- _Records for the exercise_:
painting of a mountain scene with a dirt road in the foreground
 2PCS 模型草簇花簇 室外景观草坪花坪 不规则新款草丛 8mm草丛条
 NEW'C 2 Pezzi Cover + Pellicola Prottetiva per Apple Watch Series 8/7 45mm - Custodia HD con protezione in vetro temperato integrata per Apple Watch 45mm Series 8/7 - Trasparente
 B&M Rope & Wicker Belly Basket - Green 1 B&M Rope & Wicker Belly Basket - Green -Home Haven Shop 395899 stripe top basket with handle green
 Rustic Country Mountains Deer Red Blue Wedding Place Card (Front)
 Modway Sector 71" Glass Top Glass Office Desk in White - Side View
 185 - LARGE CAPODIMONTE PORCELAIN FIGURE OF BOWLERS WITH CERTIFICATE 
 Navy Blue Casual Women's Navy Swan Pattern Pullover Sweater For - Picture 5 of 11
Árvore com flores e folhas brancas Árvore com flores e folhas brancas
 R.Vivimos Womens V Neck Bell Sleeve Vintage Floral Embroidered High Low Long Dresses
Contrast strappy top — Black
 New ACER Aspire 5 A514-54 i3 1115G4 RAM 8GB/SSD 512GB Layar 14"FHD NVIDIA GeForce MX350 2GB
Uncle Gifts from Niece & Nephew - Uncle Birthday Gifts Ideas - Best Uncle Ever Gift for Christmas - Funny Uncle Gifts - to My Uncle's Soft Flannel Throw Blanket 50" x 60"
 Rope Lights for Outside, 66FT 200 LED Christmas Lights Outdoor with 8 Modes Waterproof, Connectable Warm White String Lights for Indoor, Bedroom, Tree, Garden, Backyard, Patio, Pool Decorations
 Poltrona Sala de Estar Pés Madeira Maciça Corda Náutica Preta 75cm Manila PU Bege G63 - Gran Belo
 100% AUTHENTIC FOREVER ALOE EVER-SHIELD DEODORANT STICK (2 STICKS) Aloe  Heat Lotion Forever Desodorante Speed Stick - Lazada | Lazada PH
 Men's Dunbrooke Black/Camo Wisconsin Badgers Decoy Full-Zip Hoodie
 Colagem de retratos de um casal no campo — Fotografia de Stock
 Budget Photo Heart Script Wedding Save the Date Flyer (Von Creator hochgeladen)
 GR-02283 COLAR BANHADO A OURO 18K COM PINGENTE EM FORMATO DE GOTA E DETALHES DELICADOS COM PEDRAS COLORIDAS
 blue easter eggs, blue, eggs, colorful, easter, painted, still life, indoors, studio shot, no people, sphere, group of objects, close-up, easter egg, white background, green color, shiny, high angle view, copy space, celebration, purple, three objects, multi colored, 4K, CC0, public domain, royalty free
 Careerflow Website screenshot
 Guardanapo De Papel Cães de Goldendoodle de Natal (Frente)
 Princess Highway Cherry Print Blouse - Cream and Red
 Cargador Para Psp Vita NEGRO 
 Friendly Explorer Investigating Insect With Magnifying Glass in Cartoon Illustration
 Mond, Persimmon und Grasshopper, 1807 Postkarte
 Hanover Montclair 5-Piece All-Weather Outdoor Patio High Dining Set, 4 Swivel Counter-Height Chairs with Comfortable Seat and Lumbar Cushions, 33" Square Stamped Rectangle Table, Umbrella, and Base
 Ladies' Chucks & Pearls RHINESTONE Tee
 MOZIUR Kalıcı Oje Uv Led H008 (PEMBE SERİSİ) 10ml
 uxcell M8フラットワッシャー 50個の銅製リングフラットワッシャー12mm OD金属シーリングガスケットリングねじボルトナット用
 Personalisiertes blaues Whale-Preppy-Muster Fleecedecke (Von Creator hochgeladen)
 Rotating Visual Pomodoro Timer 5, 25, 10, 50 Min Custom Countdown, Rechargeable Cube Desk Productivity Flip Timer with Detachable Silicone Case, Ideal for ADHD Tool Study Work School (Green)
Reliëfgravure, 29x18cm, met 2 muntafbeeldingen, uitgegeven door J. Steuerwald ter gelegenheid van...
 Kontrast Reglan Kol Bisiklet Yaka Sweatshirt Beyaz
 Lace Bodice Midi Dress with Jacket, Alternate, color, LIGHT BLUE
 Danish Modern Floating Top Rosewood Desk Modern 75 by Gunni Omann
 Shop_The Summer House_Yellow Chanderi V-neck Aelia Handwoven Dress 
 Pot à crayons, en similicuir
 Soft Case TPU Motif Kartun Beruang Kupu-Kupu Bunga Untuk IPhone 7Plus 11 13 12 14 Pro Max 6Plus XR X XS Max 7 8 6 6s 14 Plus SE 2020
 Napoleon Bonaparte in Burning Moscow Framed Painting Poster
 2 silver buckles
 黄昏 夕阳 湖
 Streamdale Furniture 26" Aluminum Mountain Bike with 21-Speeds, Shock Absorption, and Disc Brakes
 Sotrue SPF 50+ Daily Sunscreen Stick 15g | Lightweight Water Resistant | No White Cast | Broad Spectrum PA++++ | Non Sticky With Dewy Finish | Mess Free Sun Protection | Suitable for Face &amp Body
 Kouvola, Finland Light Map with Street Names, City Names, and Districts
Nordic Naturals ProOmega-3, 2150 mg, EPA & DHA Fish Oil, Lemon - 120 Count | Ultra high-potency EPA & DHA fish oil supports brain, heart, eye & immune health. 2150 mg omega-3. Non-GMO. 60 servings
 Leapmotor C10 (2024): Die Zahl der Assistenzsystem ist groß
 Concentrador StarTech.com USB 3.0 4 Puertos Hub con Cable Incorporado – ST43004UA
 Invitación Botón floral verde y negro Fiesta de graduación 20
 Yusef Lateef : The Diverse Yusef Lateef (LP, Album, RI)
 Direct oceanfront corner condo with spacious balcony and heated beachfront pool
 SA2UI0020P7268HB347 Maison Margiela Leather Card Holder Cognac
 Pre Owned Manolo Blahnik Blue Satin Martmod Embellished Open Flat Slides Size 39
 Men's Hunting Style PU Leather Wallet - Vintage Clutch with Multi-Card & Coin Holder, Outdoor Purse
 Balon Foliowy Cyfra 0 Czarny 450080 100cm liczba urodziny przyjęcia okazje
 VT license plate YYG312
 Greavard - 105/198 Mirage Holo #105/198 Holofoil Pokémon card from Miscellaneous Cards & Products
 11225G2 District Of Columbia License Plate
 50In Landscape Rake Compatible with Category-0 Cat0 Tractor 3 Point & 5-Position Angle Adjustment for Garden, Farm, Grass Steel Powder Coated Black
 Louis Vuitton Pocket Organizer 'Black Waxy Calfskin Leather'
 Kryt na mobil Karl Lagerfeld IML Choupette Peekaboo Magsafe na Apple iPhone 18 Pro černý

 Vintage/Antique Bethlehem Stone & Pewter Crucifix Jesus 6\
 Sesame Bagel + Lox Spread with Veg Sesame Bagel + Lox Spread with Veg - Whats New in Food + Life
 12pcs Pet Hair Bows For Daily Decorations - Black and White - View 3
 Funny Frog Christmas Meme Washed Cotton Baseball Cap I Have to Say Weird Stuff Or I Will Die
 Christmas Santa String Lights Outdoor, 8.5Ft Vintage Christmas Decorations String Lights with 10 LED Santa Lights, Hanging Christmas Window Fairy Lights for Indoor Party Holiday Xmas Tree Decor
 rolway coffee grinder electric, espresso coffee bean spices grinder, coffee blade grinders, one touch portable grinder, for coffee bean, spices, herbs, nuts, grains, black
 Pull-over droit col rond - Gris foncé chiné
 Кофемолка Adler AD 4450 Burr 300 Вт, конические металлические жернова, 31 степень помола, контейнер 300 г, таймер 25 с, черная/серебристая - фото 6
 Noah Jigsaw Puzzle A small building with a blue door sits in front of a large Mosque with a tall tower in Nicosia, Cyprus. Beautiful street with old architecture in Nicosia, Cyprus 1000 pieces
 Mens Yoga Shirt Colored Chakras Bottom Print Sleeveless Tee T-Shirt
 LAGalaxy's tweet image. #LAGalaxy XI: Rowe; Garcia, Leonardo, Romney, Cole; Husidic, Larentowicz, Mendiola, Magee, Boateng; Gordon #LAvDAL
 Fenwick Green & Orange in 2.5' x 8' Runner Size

- _Task_: Your task is to reproduce the entries exactly, starting at the first line and ending with the line containing "GR-02283 COLAR BANHADO".

- _Exercise response_:
painting of a mountain scene with a dirt road in the foreground
 2PCS 模型草簇花簇 室外景观草坪花坪 不规则新款草丛 8mm草丛条
 NEW'C 2 Pezzi Cover + Pellicola Prottetiva per Apple Watch Series 8/7 45mm - Custodia HD con protezione in vetro temperato integrata per Apple Watch 45mm Series 8/7 - Trasparente
 B&M Rope & Wicker Belly Basket - Green 1 B&M Rope & Wicker Belly Basket - Green -Home Haven Shop 395899 stripe top basket with handle green
 Rustic Country Mountains Deer Red Blue Wedding Place Card (Front)
 Modway Sector 71" Glass Top Glass Office Desk in White - Side View
 185 - LARGE CAPODIMONTE PORCELAIN FIGURE OF BOWLERS WITH CERTIFICATE 
 Navy Blue Casual Women's Navy Swan Pattern Pullover Sweater For - Picture 5 of 11
Árvore com flores e folhas brancas Árvore com flores e folhas brancas
 R.Vivimos Womens V Neck Bell Sleeve Vintage Floral Embroidered High Low Long Dresses
Contrast strappy top — Black
 New ACER Aspire 5 A514-54 i3 1115G4 RAM 8GB/SSD 512GB Layar 14"FHD NVIDIA GeForce MX350 2GB
Uncle Gifts from Niece & Nephew - Uncle Birthday Gifts Ideas - Best Uncle Ever Gift for Christmas - Funny Uncle Gifts - to My Uncle's Soft Flannel Throw Blanket 50" x 60"
 Rope Lights for Outside, 66FT 200 LED Christmas Lights Outdoor with 8 Modes Waterproof, Connectable Warm White String Lights for Indoor, Bedroom, Tree, Garden, Backyard, Patio, Pool Decorations
 Poltrona Sala de Estar Pés Madeira Maciça Corda Náutica Preta 75cm Manila PU Bege G63 - Gran Belo
 100% AUTHENTIC FOREVER ALOE EVER-SHIELD DEODORANT STICK (2 STICKS) Aloe  Heat Lotion Forever Desodorante Speed Stick - Lazada | Lazada PH
 Men's Dunbrooke Black/Camo Wisconsin Badgers Decoy Full-Zip Hoodie
 Colagem de retratos de um casal no campo — Fotografia de Stock
 Budget Photo Heart Script Wedding Save the Date Flyer (Von Creator hochgeladen)
 GR-02283 COLAR BANHADO A OURO 18K COM PINGENTE EM FORMATO DE GOTA E DETALHES DELICADOS COM PEDRAS COLORIDAS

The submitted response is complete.